I looked at the BJCP exam schedule and found out the closest exams to me where held a few miles north in Frederick, MD.  In April of 2012 (10 months out), I contacted the exam organizers to get into the exam in February of was already full and I was placed into the 12th spot on the waitlist - Wow!  I knew you had to sign up early, but didn't realize it needed to be that early.  I was then informed another exam would be administered in September of 2013 - I signed up.

Fast-forward to this spring and the organizers contacted everyone and let them know of a tasting course they teach to prepare people for the exam.  The class was 12 weeks long, meeting for 2 hours once a week.  We went through all of the BJCP style guidelines trying a dozen or so beers at each meeting.  The teachers also graded sample scoresheets for us and halfway through the course we took a practice test.  We had a few "flaw" sessions which were critical as I came to learn that some of the descriptors for a certain off-flavor were not the tastes I would natural associate.  For example, DMS to me tastes like regular V8 tomato juice.
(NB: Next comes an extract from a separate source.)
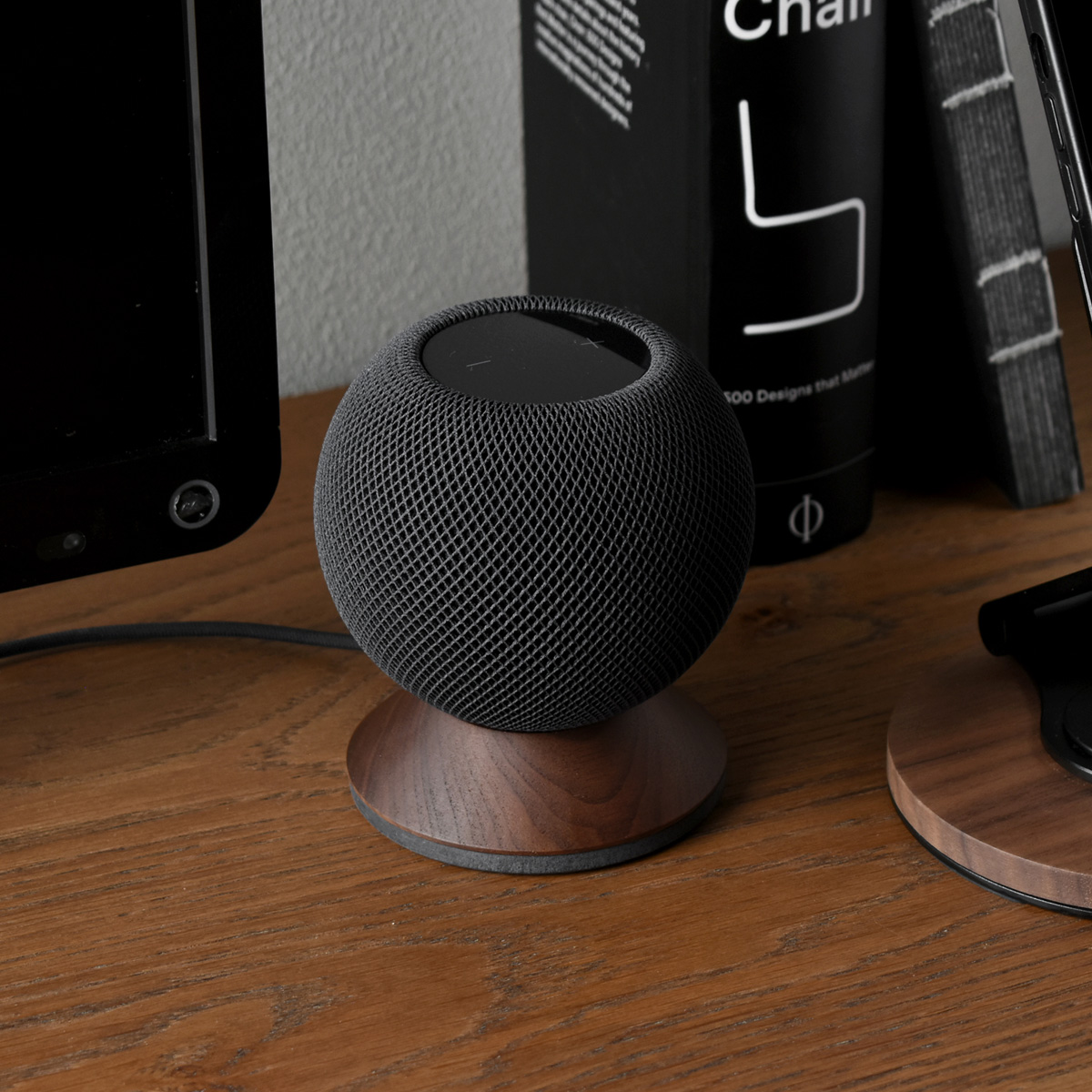 “HomePod mini”専用の木製スタンド「HomePod mini Stand」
BJCP Entrance Exam Certificate
Entrance Exam Completion Certificate

As you can see above, I passed the new online entrance exam - required before you can take the tasting test.  I took the tasting exam the last Sunday in September and was pleased with how I think I did.  After the exams were handed in, the proctor told us the judges consensus scores and what beers we had.  I was only 5 points off the judges consensus scores at worst, and one of my beers was within a point and a half!  Being the nerd that I am, I looked up the scoring guidelines and it looks like my scoring should average around 16.8 points in the scoring accuracy part.  16-17 points on scoring accuracy is required for a "National" ranking.  I figured this will put me fairly close to the score of 80 which is what I am striving for as this score will make me eligible to take the written exam (after accruing the necessary judging points) and to try to become "Nationally" ranked.

Now I just have to wait for the exams to be graded.  This will take a couple of months as it is all volunteer based and a very time intensive process.  In the meantime, I can get back to brewing!